Supplied material>

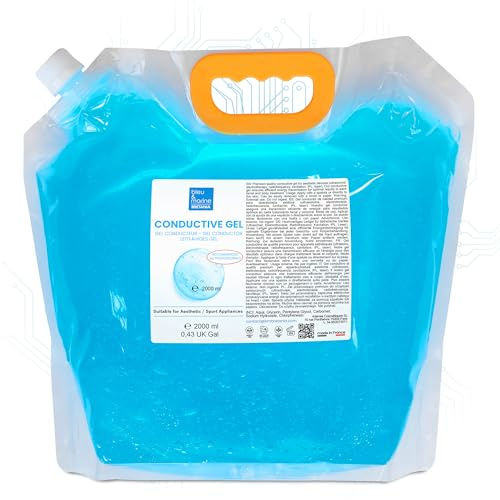 Kontaktgel glidgel gelgel ultraljudsgel gel elektrisk gel 2000 ml Ledande gel Ultraljudgel Elektrolys Dopplermonitor Ultraljud ipl tänder Överföringsgel Hälsoskärmelektroder Gelkuddar Gel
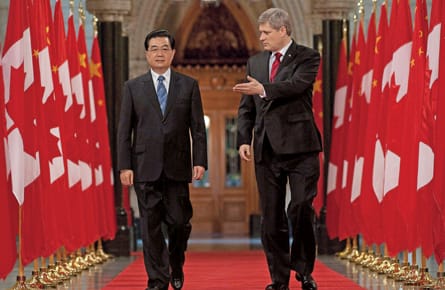 Harper's slow boat to China sets sail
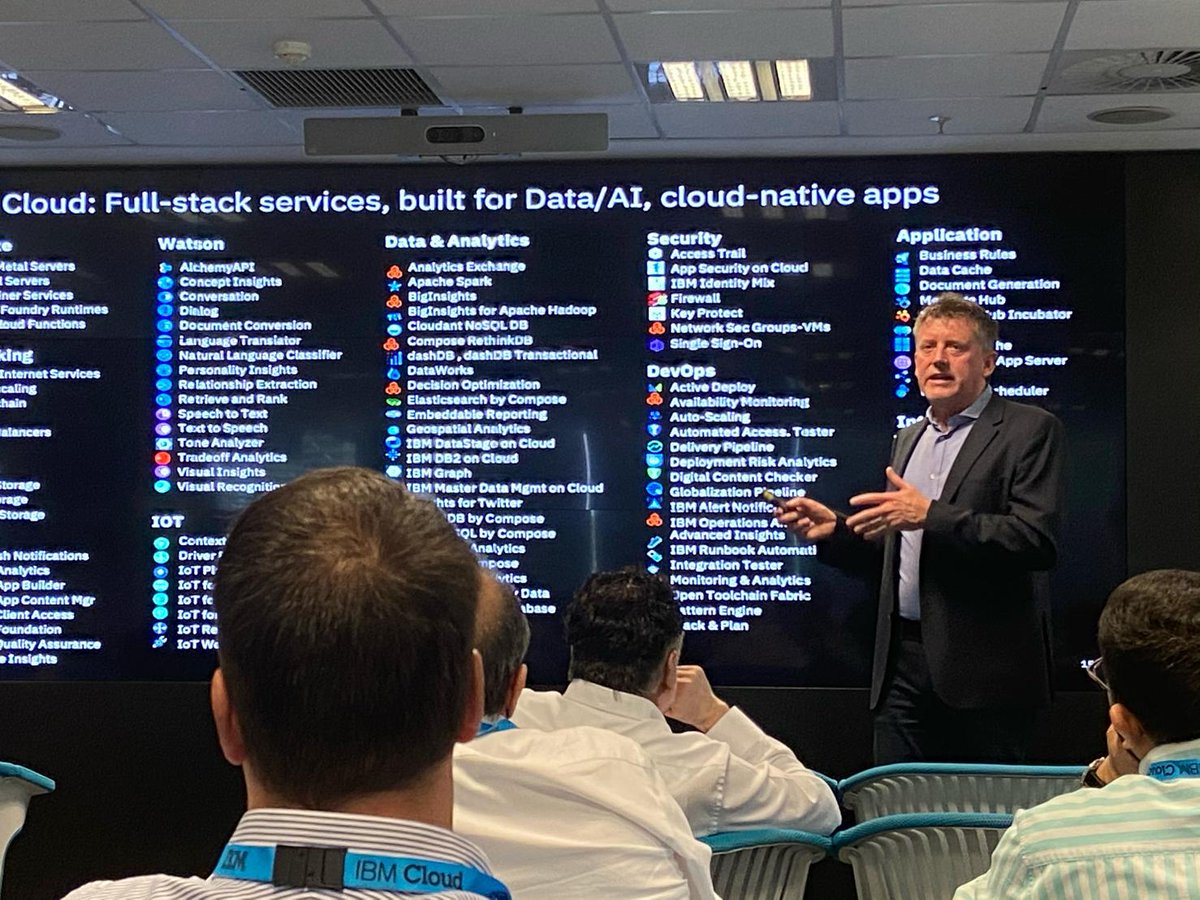 CraigHolmes01's tweet photo. Thanks to all the #IBM Business Partners who attended our Hybrid Cloud and Cloud Pak enablement today at #IBMSA. Look forward to helping you in your client opportunities https://t.co/FthXU1GW3K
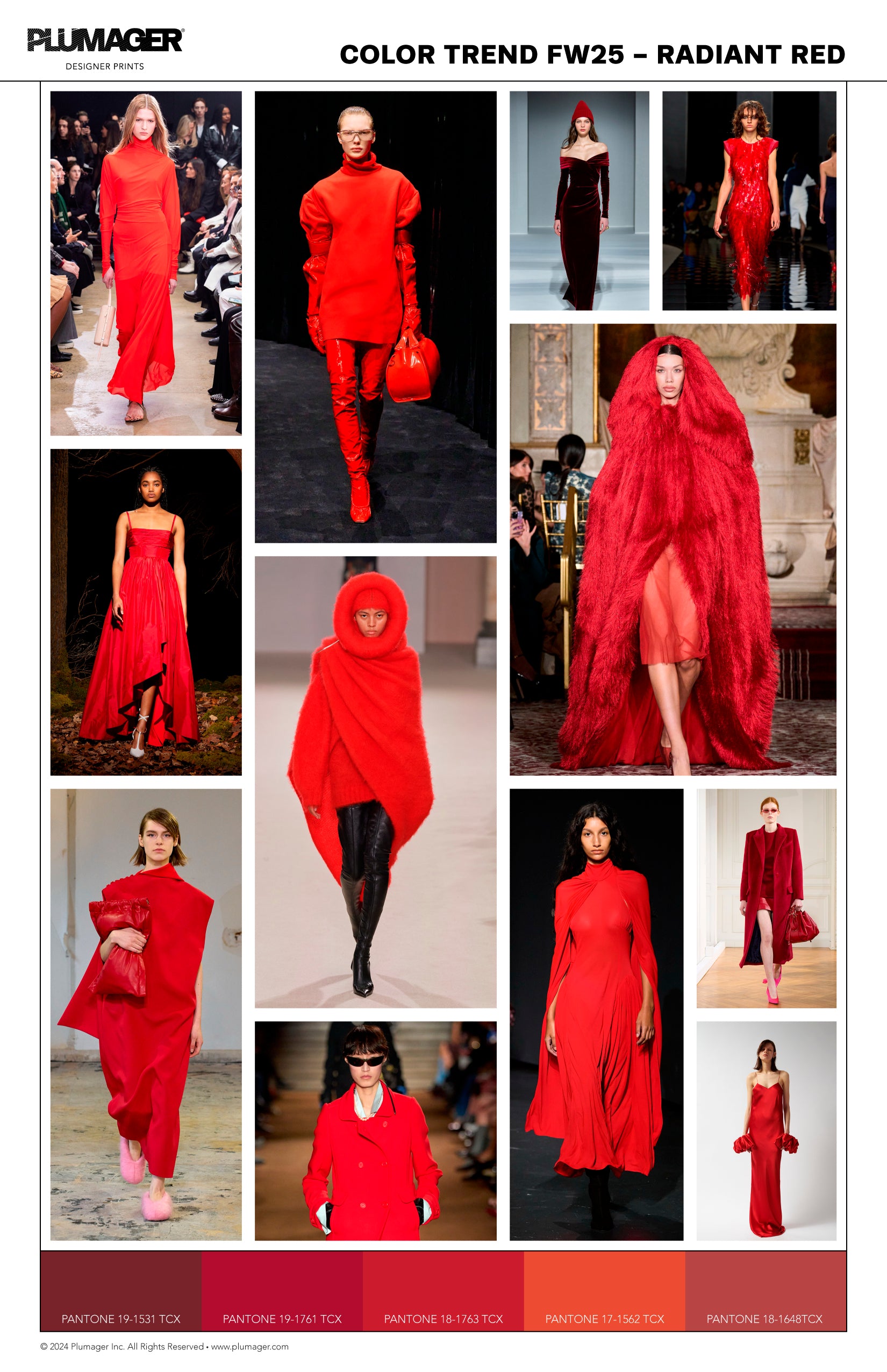 FW25 Print Textile Color Trend Report - Radiant Red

Problem> Repeat nothing but the lines from the one containing "CraigHolmes01's tweet photo." through the last line of the listing, both included, exactly as written, and omit any picture.

Result>
 CraigHolmes01's tweet photo. Thanks to all the #IBM Business Partners who attended our Hybrid Cloud and Cloud Pak enablement today at #IBMSA. Look forward to helping you in your client opportunities https://t.co/FthXU1GW3K
 FW25 Print Textile Color Trend Report - Radiant Red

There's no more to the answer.